Rambachan is a professor of religion, philosophy and Asian studies at St. Olaf College in Minnesota and has written several books and articles in scholarly journals.
In his lecture at Simpson, Rambachan spoke about communications and friendship in interreligious relationships. He used Hindu leader Mahatma Gandhi and Episcopalian priest Charles Andrews as a model of interreligious friendships.
“When I chose the topic for this lecture, I didn’t realize how relevant interreligious dialogue as friendship would be today,” Rambachan said.
“The United States is the worlds most religiously diverse nations,” Rambachan said. “Today a Hindu, a Buddhist or a Muslim can find a place of workshop, prayer or meditation in almost every major city in the United States.”
Rambachan commented on how this diversity brings both opportunities and challenges and opportunities for enrichment.
“Each day the news makes up increasingly aware of fear and hatred in our global and national community directed at other religions,” Rambachan said.

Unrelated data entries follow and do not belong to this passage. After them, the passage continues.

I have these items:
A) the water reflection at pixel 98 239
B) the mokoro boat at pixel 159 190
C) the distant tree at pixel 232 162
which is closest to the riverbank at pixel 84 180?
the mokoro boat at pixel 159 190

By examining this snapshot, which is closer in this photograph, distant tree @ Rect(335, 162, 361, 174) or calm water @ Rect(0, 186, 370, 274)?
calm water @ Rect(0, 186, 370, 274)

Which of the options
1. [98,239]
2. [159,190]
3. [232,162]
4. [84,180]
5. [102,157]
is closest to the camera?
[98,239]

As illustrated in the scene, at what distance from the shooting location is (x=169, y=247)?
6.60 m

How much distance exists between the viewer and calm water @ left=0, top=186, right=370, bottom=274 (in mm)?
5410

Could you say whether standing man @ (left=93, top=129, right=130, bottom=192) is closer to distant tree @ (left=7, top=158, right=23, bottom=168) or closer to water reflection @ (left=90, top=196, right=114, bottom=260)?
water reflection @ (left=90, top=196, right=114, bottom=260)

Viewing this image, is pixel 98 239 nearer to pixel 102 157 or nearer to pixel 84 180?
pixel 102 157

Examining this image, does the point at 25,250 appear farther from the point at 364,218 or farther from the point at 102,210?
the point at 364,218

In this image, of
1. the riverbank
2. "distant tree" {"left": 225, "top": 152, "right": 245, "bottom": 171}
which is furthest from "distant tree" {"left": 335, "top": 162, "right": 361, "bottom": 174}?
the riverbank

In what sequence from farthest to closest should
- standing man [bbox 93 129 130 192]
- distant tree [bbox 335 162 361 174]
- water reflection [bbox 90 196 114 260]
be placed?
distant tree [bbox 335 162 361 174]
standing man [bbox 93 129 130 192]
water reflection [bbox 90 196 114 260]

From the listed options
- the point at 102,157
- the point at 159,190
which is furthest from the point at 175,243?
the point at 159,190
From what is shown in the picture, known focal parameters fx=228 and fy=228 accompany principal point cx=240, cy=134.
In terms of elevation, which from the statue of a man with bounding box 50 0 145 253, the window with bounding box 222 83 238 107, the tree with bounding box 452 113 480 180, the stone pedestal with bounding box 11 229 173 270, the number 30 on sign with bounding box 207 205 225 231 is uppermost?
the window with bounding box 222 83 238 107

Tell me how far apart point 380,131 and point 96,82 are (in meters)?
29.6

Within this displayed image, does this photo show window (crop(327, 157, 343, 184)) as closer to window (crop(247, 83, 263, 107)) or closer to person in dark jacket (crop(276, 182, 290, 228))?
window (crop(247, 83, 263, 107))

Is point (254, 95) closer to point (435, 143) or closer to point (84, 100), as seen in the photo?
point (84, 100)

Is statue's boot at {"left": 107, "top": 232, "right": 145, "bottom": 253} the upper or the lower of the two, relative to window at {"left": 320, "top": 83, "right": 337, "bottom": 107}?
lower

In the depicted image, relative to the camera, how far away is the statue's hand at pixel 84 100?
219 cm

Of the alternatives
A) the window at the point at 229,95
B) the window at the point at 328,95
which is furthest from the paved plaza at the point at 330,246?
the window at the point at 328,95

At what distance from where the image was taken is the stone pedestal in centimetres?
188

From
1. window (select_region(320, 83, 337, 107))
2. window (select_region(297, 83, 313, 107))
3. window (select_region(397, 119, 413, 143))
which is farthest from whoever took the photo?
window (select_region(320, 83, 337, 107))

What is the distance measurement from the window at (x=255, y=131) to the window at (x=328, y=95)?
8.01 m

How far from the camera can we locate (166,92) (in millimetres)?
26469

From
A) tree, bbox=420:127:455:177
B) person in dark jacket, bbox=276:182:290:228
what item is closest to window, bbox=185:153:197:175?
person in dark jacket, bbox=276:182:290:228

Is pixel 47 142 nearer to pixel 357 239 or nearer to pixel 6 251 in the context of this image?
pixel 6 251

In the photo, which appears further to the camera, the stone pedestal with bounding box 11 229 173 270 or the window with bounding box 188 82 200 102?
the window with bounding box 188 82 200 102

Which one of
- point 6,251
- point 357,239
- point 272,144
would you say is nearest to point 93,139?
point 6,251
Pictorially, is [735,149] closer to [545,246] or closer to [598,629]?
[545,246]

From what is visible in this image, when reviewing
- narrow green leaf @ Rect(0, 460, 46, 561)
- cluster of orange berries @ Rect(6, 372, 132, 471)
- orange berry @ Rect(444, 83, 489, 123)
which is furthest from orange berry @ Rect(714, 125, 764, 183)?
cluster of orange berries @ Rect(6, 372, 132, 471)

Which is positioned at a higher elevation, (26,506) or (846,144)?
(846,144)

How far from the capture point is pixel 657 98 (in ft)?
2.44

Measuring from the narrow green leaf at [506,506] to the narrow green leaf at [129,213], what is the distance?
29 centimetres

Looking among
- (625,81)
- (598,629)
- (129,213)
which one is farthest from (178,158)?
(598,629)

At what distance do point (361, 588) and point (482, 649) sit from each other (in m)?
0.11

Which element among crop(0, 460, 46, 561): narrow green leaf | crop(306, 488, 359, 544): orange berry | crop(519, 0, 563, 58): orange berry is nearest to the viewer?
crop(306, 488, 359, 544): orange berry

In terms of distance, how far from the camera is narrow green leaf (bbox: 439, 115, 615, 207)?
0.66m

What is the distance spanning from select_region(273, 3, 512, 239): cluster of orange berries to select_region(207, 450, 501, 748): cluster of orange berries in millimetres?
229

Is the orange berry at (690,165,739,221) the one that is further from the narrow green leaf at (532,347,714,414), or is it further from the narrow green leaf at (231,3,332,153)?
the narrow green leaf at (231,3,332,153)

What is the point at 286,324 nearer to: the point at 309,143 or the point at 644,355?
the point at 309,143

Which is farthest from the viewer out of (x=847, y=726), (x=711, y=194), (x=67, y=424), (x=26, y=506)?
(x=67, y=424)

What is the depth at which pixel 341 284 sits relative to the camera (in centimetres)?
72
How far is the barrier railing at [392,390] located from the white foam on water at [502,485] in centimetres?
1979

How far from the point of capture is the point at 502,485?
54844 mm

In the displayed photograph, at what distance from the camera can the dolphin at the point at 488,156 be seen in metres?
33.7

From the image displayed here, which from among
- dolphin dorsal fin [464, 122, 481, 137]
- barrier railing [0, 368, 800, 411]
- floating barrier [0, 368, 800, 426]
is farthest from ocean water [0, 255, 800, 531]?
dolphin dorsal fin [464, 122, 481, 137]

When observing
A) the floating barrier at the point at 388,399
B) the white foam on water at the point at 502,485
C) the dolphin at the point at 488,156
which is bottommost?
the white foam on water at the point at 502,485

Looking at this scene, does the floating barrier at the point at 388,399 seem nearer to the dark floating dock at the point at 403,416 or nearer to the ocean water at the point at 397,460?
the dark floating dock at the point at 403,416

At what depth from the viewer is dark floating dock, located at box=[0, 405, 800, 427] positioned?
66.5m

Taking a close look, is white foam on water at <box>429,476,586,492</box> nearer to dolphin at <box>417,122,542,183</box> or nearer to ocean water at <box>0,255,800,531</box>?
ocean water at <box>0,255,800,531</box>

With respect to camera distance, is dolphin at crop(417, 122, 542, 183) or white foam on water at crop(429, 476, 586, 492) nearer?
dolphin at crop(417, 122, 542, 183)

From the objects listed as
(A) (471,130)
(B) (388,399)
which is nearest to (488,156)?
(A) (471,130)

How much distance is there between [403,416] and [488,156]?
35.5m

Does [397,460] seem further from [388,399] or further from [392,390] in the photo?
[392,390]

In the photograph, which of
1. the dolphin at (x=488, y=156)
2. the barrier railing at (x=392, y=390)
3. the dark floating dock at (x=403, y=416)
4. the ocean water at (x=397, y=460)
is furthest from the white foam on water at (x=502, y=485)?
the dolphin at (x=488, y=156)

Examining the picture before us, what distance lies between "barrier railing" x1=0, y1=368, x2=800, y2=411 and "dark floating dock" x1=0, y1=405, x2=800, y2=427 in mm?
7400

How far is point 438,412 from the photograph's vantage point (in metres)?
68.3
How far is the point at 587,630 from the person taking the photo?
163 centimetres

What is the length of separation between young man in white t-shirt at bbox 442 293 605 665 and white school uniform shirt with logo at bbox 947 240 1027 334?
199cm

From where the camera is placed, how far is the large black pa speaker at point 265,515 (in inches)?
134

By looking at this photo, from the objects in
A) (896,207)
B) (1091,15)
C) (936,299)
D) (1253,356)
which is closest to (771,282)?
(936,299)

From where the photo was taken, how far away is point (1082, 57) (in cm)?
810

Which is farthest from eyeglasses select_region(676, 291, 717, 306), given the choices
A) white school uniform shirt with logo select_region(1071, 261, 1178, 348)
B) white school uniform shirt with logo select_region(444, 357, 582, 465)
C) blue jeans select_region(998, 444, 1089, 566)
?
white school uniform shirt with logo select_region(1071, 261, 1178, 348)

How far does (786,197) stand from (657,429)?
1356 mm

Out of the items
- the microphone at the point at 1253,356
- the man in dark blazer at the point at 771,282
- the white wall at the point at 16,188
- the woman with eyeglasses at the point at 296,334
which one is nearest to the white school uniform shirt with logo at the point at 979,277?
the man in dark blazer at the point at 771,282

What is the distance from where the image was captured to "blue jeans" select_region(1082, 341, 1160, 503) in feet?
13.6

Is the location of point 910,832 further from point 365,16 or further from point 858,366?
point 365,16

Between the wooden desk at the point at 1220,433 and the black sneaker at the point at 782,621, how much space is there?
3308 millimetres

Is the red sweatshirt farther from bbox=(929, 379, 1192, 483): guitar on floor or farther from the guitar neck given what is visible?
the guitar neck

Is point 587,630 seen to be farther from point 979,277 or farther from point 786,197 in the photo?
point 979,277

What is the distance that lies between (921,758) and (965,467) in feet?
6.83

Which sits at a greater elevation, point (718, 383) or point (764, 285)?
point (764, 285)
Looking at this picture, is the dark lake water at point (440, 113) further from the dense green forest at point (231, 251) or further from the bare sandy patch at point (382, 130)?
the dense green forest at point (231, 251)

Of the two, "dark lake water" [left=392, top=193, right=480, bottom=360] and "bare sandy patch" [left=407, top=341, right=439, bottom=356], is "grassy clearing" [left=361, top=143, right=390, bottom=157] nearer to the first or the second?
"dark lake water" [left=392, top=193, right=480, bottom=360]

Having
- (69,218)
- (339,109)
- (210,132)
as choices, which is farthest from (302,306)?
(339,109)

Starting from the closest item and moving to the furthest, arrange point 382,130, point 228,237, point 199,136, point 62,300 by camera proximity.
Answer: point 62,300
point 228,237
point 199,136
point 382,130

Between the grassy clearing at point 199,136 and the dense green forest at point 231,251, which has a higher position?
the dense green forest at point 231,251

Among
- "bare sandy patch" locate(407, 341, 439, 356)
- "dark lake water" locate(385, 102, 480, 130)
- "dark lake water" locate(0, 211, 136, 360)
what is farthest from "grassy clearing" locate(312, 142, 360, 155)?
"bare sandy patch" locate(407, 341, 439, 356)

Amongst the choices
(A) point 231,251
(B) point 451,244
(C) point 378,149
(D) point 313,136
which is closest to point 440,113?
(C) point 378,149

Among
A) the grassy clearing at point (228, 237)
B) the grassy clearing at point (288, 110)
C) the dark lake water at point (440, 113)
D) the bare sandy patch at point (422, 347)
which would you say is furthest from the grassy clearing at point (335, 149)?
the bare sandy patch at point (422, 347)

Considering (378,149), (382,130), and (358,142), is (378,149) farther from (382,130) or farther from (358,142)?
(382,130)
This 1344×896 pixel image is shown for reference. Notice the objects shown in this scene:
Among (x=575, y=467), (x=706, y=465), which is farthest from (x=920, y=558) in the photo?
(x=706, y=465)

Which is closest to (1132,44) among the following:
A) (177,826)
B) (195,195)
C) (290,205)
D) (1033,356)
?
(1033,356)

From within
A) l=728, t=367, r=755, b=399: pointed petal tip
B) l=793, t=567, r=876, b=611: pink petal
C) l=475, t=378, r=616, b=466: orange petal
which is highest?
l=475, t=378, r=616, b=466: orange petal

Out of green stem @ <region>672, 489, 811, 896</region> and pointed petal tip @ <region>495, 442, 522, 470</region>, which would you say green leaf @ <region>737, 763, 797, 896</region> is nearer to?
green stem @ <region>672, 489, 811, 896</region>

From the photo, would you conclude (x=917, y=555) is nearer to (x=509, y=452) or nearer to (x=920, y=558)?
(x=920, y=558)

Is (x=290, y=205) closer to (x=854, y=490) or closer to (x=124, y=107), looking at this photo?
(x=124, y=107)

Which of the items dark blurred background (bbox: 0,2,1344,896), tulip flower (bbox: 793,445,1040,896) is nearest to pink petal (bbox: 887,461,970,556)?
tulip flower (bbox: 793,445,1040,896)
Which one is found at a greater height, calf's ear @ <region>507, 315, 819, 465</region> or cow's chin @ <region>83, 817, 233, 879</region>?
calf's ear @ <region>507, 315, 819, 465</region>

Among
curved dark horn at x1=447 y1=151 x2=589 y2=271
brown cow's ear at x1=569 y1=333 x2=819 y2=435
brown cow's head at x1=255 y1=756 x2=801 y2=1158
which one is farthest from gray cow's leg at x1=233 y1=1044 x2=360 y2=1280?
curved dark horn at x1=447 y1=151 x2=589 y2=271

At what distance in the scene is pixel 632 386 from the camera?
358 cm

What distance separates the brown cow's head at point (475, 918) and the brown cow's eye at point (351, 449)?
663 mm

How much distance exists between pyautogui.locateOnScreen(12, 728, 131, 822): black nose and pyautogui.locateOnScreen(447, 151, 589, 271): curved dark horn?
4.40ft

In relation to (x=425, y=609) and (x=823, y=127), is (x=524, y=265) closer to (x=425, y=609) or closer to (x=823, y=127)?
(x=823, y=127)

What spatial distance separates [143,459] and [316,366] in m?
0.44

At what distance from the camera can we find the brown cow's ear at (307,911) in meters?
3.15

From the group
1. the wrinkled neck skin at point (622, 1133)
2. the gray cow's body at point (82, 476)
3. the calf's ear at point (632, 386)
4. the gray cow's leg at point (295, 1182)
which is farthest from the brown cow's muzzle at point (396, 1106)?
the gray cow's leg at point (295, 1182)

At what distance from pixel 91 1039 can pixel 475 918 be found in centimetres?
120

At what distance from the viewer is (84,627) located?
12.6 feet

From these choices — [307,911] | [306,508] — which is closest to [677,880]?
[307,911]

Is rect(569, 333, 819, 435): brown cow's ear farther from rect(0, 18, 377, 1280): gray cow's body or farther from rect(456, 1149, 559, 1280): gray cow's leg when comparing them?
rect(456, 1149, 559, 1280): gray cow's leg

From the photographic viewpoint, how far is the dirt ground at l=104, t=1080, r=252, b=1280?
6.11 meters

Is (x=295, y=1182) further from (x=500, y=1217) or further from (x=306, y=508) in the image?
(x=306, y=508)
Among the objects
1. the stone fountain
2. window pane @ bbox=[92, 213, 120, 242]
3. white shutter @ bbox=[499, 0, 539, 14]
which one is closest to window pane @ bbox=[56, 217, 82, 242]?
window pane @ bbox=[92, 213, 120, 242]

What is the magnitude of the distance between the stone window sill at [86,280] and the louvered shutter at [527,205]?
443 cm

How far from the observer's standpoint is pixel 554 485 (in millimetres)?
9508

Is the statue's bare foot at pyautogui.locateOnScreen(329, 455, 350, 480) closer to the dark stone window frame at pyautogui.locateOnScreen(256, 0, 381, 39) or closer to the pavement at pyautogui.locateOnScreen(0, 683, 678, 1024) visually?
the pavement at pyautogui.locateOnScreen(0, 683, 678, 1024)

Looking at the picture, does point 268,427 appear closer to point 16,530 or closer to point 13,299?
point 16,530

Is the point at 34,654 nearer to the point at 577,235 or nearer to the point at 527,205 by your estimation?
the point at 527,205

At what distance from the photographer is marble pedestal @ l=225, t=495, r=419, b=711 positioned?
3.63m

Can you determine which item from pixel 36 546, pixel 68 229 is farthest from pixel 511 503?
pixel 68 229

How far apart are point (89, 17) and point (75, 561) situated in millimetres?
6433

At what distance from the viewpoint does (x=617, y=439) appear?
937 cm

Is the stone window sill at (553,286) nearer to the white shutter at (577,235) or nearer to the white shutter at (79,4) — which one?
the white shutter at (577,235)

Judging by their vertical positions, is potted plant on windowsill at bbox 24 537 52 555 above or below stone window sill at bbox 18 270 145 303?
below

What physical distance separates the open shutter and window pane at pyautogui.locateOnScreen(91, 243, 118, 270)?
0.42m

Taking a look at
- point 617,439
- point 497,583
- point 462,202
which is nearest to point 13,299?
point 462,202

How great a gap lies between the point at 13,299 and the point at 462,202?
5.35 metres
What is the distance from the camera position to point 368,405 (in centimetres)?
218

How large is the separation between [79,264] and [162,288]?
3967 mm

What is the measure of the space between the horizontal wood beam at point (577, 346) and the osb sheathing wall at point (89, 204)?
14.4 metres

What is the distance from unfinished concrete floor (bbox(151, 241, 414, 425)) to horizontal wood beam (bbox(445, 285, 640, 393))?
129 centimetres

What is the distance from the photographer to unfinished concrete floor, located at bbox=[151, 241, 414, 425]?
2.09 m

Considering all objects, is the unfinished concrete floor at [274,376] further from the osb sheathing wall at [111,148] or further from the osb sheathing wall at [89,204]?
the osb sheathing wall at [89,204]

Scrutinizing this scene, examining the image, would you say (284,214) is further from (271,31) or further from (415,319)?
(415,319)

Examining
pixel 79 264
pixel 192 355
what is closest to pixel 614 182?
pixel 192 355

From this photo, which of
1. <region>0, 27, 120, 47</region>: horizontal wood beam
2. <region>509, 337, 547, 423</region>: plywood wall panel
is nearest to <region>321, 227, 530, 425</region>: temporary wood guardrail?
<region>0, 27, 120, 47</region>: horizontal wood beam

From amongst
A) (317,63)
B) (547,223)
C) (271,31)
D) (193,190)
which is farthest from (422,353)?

He stated that the primary challenge today is how people can remain committed to their own distinctive world views but do so with openness to those of other faiths. To illustrate this, he used the relationship of Gandhi and Andrews and 4 dimensions important to interreligious communications.
The four dimensions Rambachan used in his lecture and linked to Gandhi and Andrews’ friendship were shared identity, ethical obligations, mutual trust, and generosity.
Rambachan said while interreligious friendships are important, there are many risks that come with it as well.
“When you cross boundaries there are risks, and the risk is being alienated from your own community,” Rambachan said.
Rambachan said there are several ways that we can be like Gandhi and Andrews and foster interreligious relationships. First, interreligious relationships are not possible without religious difference.
The second, is that interreligious friendships are meaningful when the relationships are informed by willingness to give and to receive.
In his question and answer Rambachan was asked how to build interreligious friendship and trust in areas where religious diversity is not common. He states we need to be more proactive with this and create our own opportunities to have interreligious communication and friendships.
“Simpson students, as we heard when somebody asked a question, are not exposed to a lot of religious diversity and the more we can bring to campus and have students start to think about the world outside of Iowa, the better,” Mark Gammon, chair of religion department and associate professor of religion, said.
After the lecture there was a reception held in the Mary Berry faculty lounge where students and faculty were able to sit down with Rambachan and discuss more on the topic of his lecture.